Pseudo-cell generation focuses on generating gene sequences tailored to specific cell type labels. This task is vital for unraveling gene expression and regulation across different cell types, offering insights for medical research and disease studies, particularly in the context of diseased cell types.
- Cell Type Annotation.
For cell type annotation, the model is tasked with precisely classifying cells into their respective types based on gene expression patterns encapsulated in cell sentences. This task is fundamental for understanding cellular functions and interactions within tissues and organs, playing a crucial role in developmental biology and regenerative medicine.
- Drug Sensitivity Prediction.
The drug sensitivity prediction task aims to predict the response of different cells to various drugs. It is pivotal in designing effective, personalized treatment plans and contributes significantly to drug development, especially in optimizing drug efficacy and safety.
⌚️ QuickStart
from transformers import AutoTokenizer, AutoModelForSeq2SeqLM
tokenizer = AutoTokenizer.from_pretrained("zjunlp/chatcell-small")
model = AutoModelForSeq2SeqLM.from_pretrained("zjunlp/chatcell-small")
input_text="Detail the 100 starting genes for a Mix, ranked by expression level: "
# Encode the input text and generate a response with specified generation parameters
input_ids = tokenizer(input_text,return_tensors="pt").input_ids
output_ids = model.generate(input_ids, max_length=512, num_return_sequences=1, no_repeat_ngram_size=2, top_k=50, top_p=0.95, do_sample=True)

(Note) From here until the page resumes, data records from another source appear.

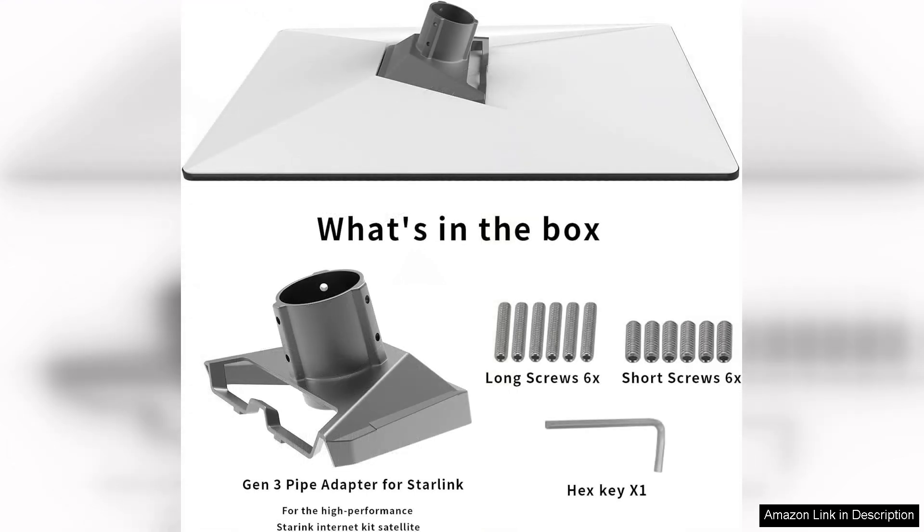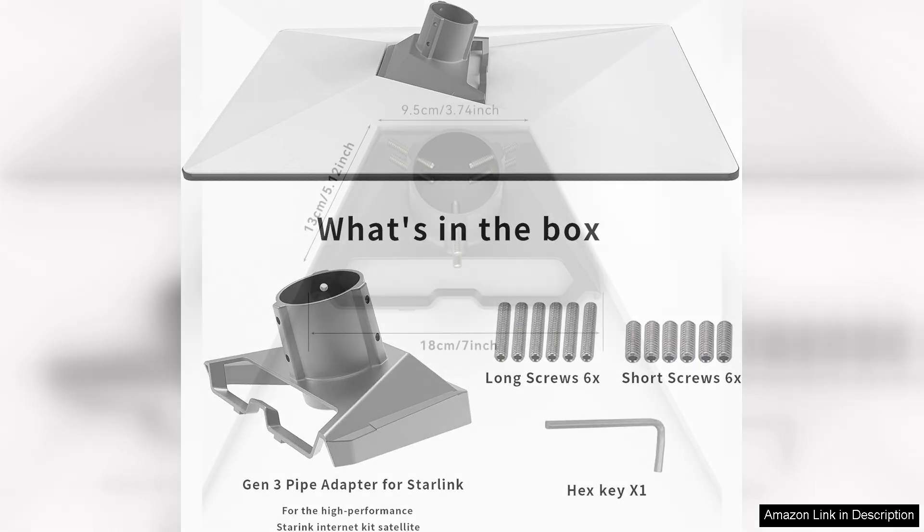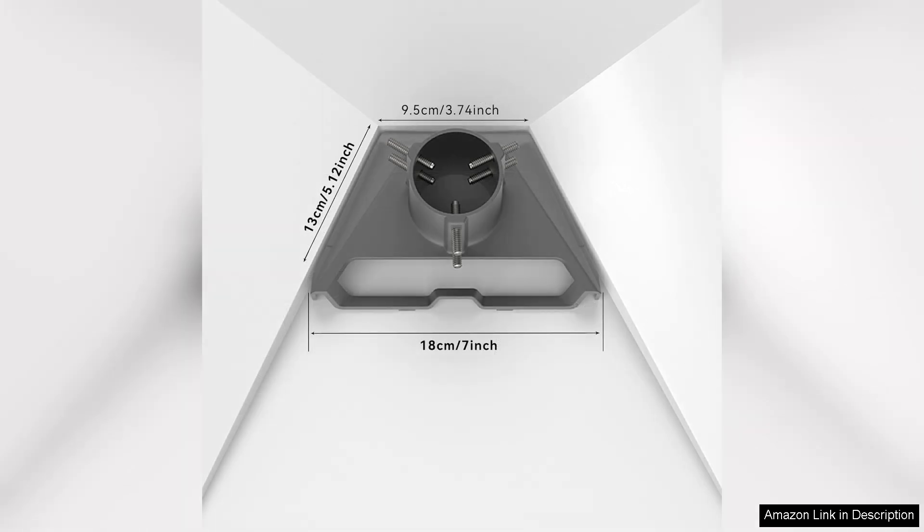The Gen 3 Pipe Adapter is a standout feature, designed with durability in mind. Its robust construction ensures that your satellite dish remains securely attached even in harsh weather conditions. The installation process was straightforward thanks to clear instructions and well-marked components. I appreciated the versatility it offers, accommodating various pipe sizes, which made it easier to customise my setup.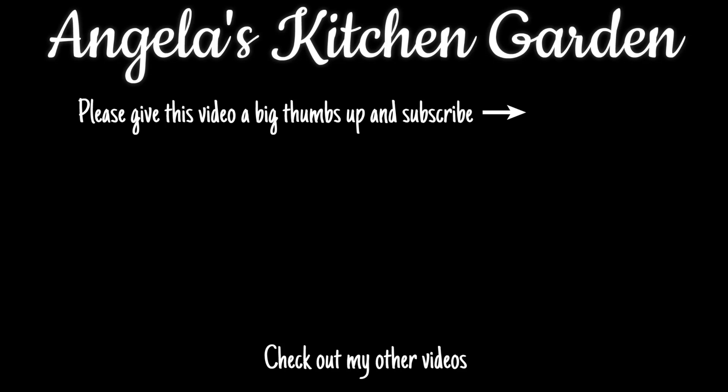Thank you for watching. If you like this video please give it a big thumbs up and subscribe. Also check out my other videos. If you're on social media you can follow me on Instagram, Twitter and Pinterest - the details are in the description below. I'll be uploading another video at the same time tomorrow, so see you on the next one, bye!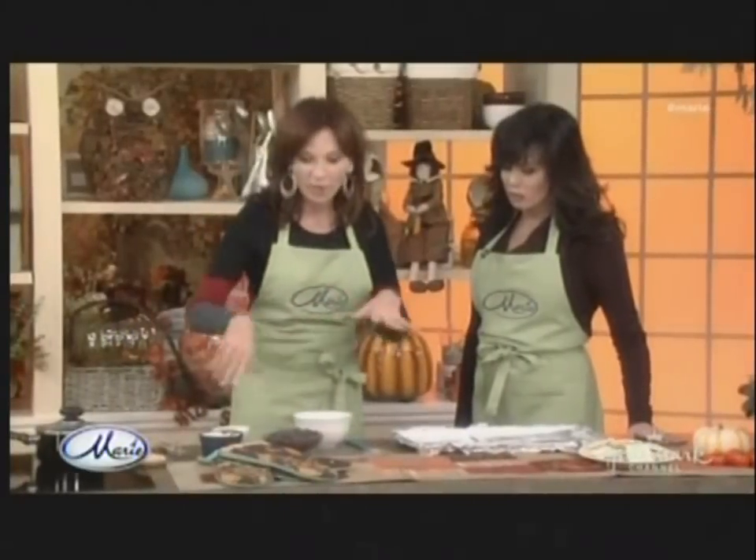We are back with my girlfriend, Mary Lou Henner. She's going to show us how to make healthy desserts. So what are we doing here? This is called Chocolate Toffee Almond Crunch. It's from my book, Healthy Holidays. This is just a great vegan recipe with very few ingredients.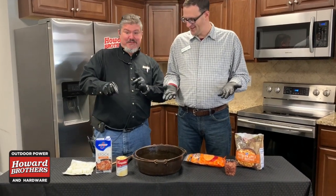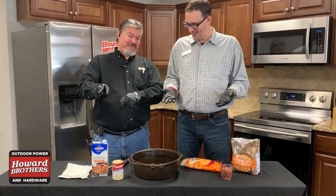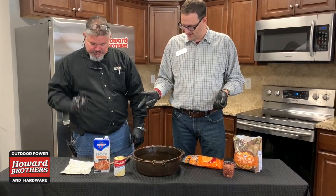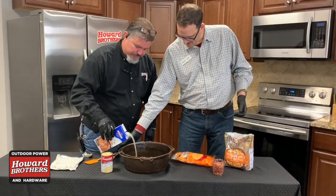So this might end up being a chicken potato bacon soup, but it's supposed to be a potato bacon soup. First thing, Jason, we're gonna add the whole container of chicken stock — go ahead and pour that in there.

# Decode and print the generated output text
output_text = tokenizer.decode(output_ids[0],skip_special_tokens=True)
print(output_text)
🛠️ Usage
📚 Step1: Prepare the data
❗️Note: You can download the original data from the raw_data
directory. Alternatively, you can directly download the data we provide on huggingface to skip Step 1 of the process.
1. For tasks such as random cell sentence generation, pseudo-cell generation, and cell type annotation, we utilize cells from the SHARE-seq mouse skin dataset.
Follow these steps to use the transform.py
script in workflow_data
folder to translate scENA-seq data into cell sentence:
- Define
data_filepath
to specify the path to your downloaded SHARE-seq mouse skin dataset .h5ad
file.
- Define
output_dir
to specify directory where the generated cell sentences will be saved.
- Define
eval_output_dir
to specify where figures and evaluation metrics will be stored.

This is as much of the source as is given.